To the Ends of the Earth
From Nobel Laureate William Golding's (Lord of the Flies) epic sea-voyage trilogy comes the story of an ambitious British aristocrat, humbled by the lives of his fellow passengers, as he embarks on an ocean voyage for Australia where he is to be an official in the colonial government.
The Last Ship
Their mission is simple: Find a cure. Stop the virus.

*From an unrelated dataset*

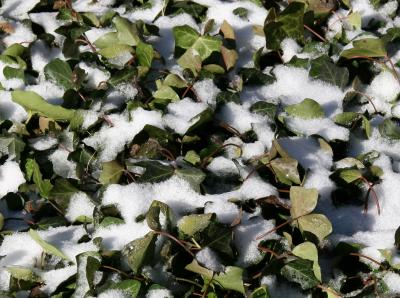 Ivy in the Snow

Save the world. When a global pandemic wipes out eighty percent of the planet's population, the crew of a lone naval destroyer must find a way to pull humanity from the brink of extinction.
Battle of the Atlantic
Explores the desperate struggle for survival on a hostile ocean during the longest and bloodiest battle of the Second World War.
The Pacific War in Color
Witness iconic assaults, intense battles, and intimate moments of the Pacific War, in color.
Warship: Life at Sea
Documentary series exploring everyday life on board various ships in the Royal Navy fleet.
The North Water
Henry Drax is a harpooner and brutish killer whose amorality has been shaped to fit the harshness of his world, who will set sail on a whaling expedition to the Arctic with Patrick Sumner, a disgraced ex-army surgeon who signs up as the ship’s doctor. Hoping to escape the horrors of his past, Sumner finds himself on an ill-fated journey with a murderous psychopath. In search of redemption, his story becomes a harsh struggle for survival in the Arctic wasteland.
Three Little Birds
Set in 1957, post-Windrush, and amidst the booming decade set alight by promise, the rhythm of rock and roll, swing, Hollywood starlets and fabulous fashion Three Little Birds will introduce Dudley and the rest of the world to gregarious sisters Leah and Chantrelle and their virtuous, bible-loving acquaintance, Hosanna, as they board a cruise ship from Jamaica bound for a new life in Blighty.
Victory at Sea
Victory at Sea is a documentary television series about naval warfare during World War II that was originally broadcast by NBC in the USA in 1952–1953. It was condensed into a film in 1954. Excerpts from the music soundtrack, by Richard Rodgers and Robert Russell Bennett, were re-recorded and sold as record albums. The original TV broadcasts comprised 26 half-hour segments—Sunday afternoons at 3pm in most markets—starting October 26, 1952 and ending May 3, 1953. The series, which won an Emmy award in 1954 as "best public affairs program", played an important part in establishing historic "compilation" documentaries as a viable television genre. Over 13,000 hours of footage gathered from US, British, German and Japanese navies during World War II were perused in the making of these compelling episodes.
Why Girls Love Sailors
Stan is a sailor whose girl gets kidnapped by a rough sea captain. Stan dresses in drag and seduces the captain but the captain's wife catches him. Stan and his girl beat a hasty retreat as the captain's wife fires off a parting shot.